▸ **Entries shown**:
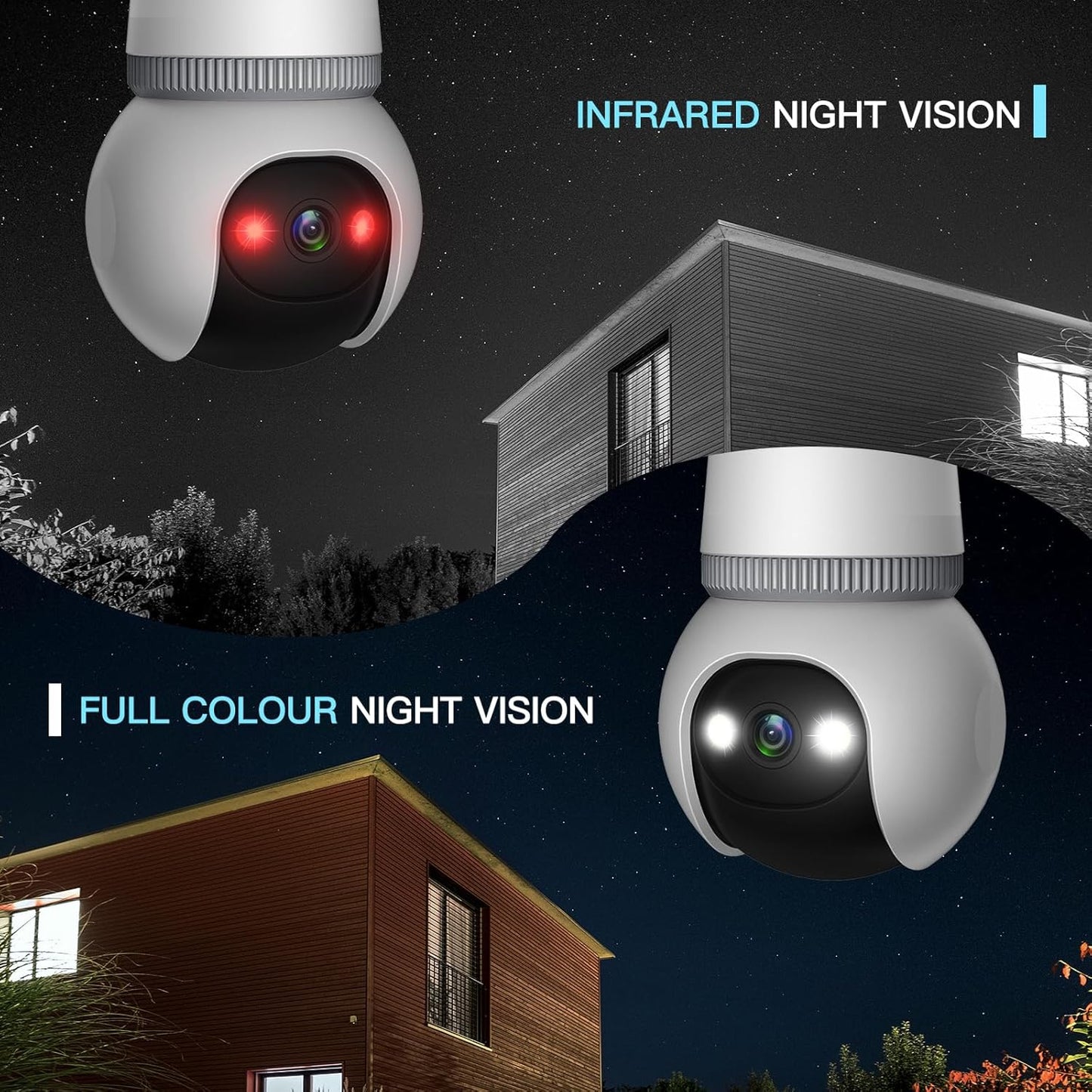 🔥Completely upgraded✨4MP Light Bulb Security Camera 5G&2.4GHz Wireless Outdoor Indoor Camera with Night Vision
* * *
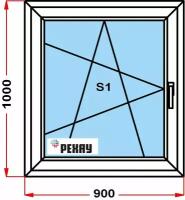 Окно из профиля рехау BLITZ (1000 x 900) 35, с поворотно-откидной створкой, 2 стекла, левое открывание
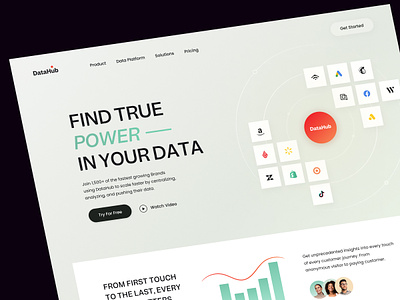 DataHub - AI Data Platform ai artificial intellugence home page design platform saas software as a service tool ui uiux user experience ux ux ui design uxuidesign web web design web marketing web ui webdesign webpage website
...
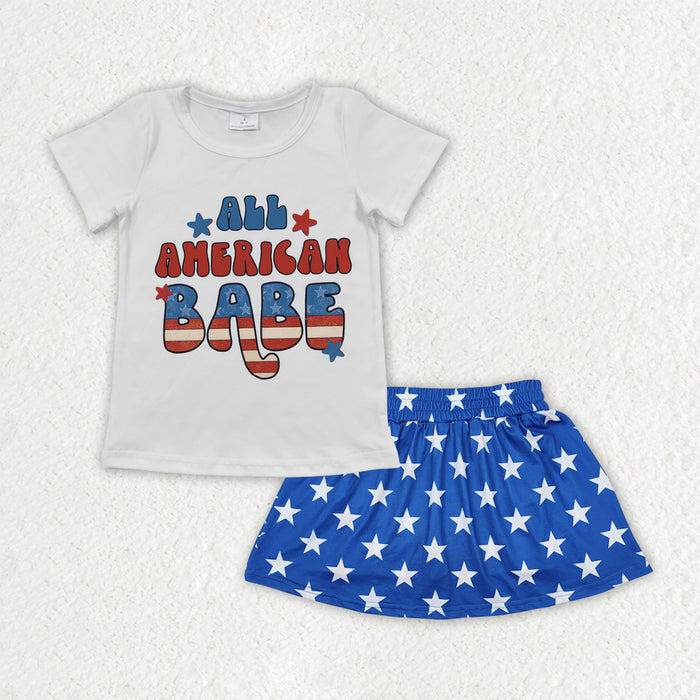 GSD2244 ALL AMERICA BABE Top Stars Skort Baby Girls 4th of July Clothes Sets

▸ **Exercise description**: Above is the material; set down exactly its lines from the one containing "Окно из профиля" down to the one containing "DataHub - AI", both included, leaving out any pictures.

▸ **Output for this task**:
 Окно из профиля рехау BLITZ (1000 x 900) 35, с поворотно-откидной створкой, 2 стекла, левое открывание
 DataHub - AI Data Platform ai artificial intellugence home page design platform saas software as a service tool ui uiux user experience ux ux ui design uxuidesign web web design web marketing web ui webdesign webpage website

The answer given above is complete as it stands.